Dr. Niranjan Raj is currently working as an Assistant Professor in the Department of Electrical and Electronics Engineering, Birla Institute of Technology and Science Pilani, Hyderabad. He received his bachelor’s degree in Electronics & Communication Engineering, from the Rajeev Gandhi Proudyogiki Vishwavidyalaya, Bhopal, India, and master’s degree in Electronics and Communication Engineering with a specialization in VLSI from the National Institute of Technology Meghalaya, India, respectively in 2013 and 2016. He completed his Ph.D. degree in Microelectronics and VLSI from the Indian Institute of Technology, Dhanbad, India in 2022. He is a recipient of the National Post-Doctoral Fellowship from the Science and Engineering Research Board, Government of India. Presently, he worked as a Postdoctoral Researcher in the NeuRonics lab, at the Department of Electronic Systems Engineering, Indian Institute of Science, Bangalore, India. He was a recipient of the Ministry of Human Resource Department (M.H.R.D.) Scholarship for Masters and Doctoral Study.

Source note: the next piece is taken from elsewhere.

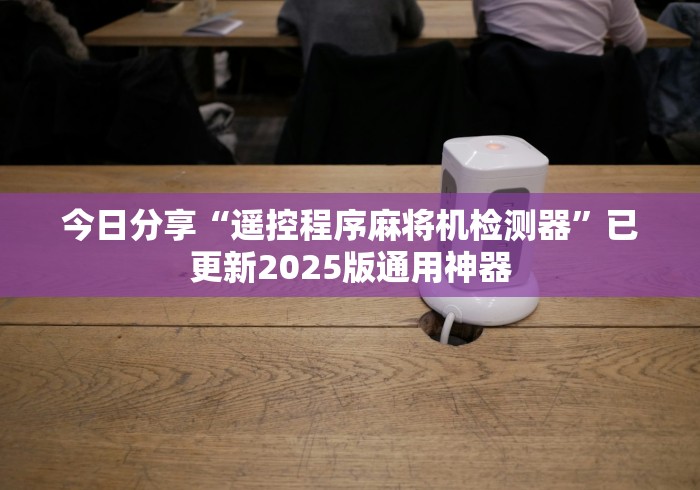 今日分享“遥控程序麻将机检测器”已更新2025版通用神器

His current research is focused on the Modelling of Memristive devices, integrated circuits, Physical verification of circuits, and Neuromorphic computing. He served as a Reviewer of journals, such as the IEEE Transactions on Very Large-Scale Integration (VLSI) Systems, Electronics Letters, International Journal of Electronics, International Journal of Electronics and Communication (AEU), Elsevier, Circuits, Systems, and Signal Processing, Arabian Journal for Science and Engineering, and Electrical Engineering: Springer Nature. He has authored more than 16 international peer-reviewed journals and conference proceedings publications in reputed journals.

Dr. Sagar

Dr. Sagar is currently working as an Assistant Professor in the Department of Electrical and Electronics Engineering, at ICFAI University, Hyderabad. He received his bachelor’s degree in Electronics & Communication Engineering, from the College of Engineering and Technology (CET), Belgaum, India, and master’s degree in Electronics and Communication Engineering with a specialization in VLSI from the UVCE Government Engineering College, Bangalore University, Bengaluru. He completed his Ph.D. degree in VLSI and Mixed-mode Analog Circuit Design from the Indian Institute of Technology, Dhanbad, India in 2023. He was a recipient of the Ministry of Human Resource Department (M.H.R.D.) Scholarship for Masters and Doctoral Study. His current research is focused on the Modelling of Memristive devices, integrated circuits, fractional System design, and Neuromorphic computing. He served as a Reviewer of journals, such as the IEEE Transactions on Very Large-Scale Integration (VLSI) Systems, IEEE ACCESS, Electronics Letters, International Journal of Electronics, and Arabian Journal for Science and Engineering, and Electrical Engineering: Springer Nature. He has authored more than 13 international peer-reviewed journals and conference proceedings publications in reputed journals.